Totila Albert died in 1967. A few months later, Franz Hoffmann suffered a stroke, leading to paralysis on his right side and eventual total paralysis. Lola Hoffmann cared for him until his death 13 years later in 1981.

==Later years==
Hoffman developed glaucoma when she was 60 years old. Her right eye was after numerous surgeries. Later, glaucoma developed in her previously healthy left eye, and she was soon almost blind, requiring a magnifying lens to read.

After 1964, Hoffmann became increasingly involved in Eastern meditation techniques and philosophy. She began practicing Hatha yoga, tai chi and psychodance. After reading Richard Wilhelm's German translation of the classic Chinese text, I Ching (The Book of Changes), she decided to write a Spanish translation of I Ching, which she completed in 1971.

She became gravely ill in 1983, five years before her death.

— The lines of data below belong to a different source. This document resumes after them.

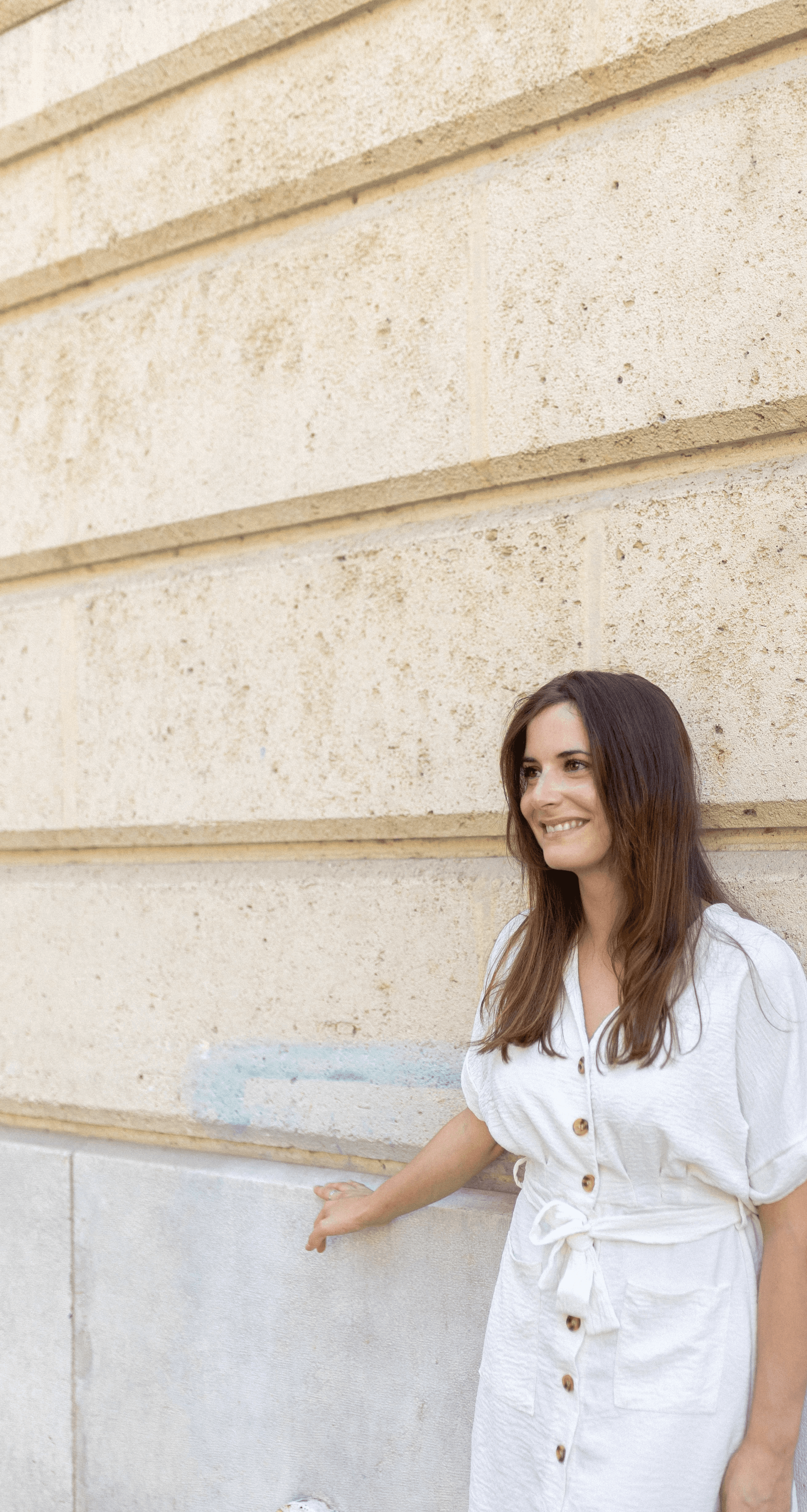 Portrait of portfolio creator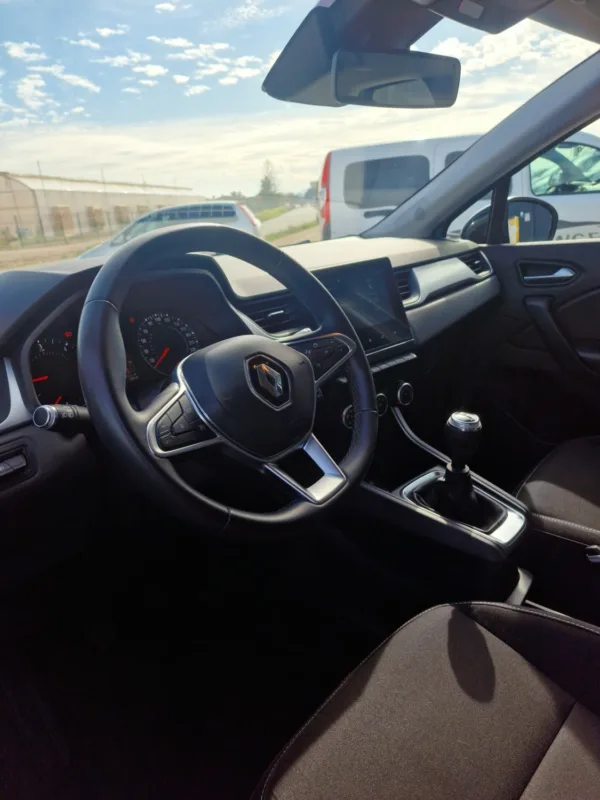 RENAULT CAPTUR 1.5 DCI 95CV - Imagen 2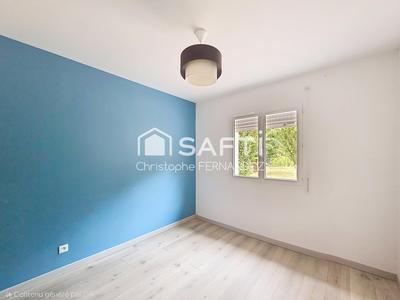 Maison - 109 m² - 5 pièces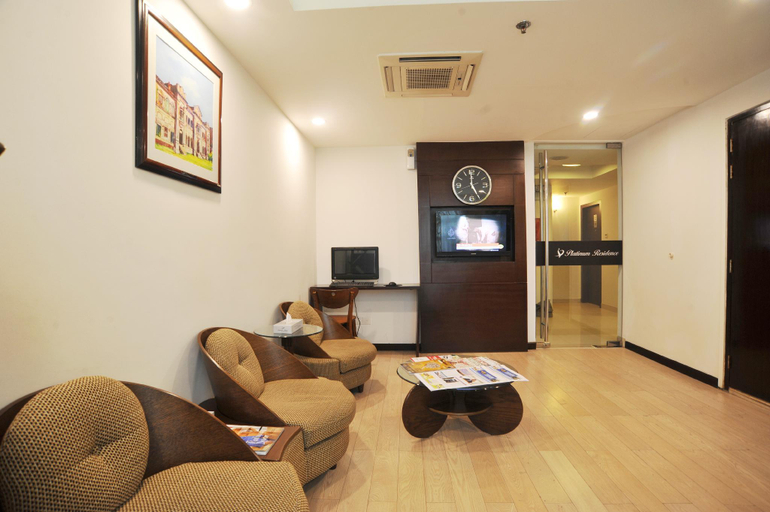 Public Area, Platinum Residence, Dhaka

During this time she had a religious experience which reaffirmed her faith in God.

Although Hoffmann believed in individual change, most of her life she avoided political action. However, she decided to join the Planetary Initiative for the World We Choose when it came to Chile in 1983. In fact, she was the main speaker at the first session held in Chile. During the final years of her life, she participated in several collective actions and she became a founding member of La Casa de la Paz in 1985.

Her last four years were spent in Peñalolén, a suburb of Santiago, on land belonging to her daughter, renowned botanist Adriana Hoffmann. They built a near-exact replica of her house on this property.

In her final years she frequently experienced altered states of consciousness. She continued seeing her patients, students, and friends up until the weeks before her death. Upon getting up one night, she fell and broke her hip. A few days later, at 84 years of age, she died in Santiago.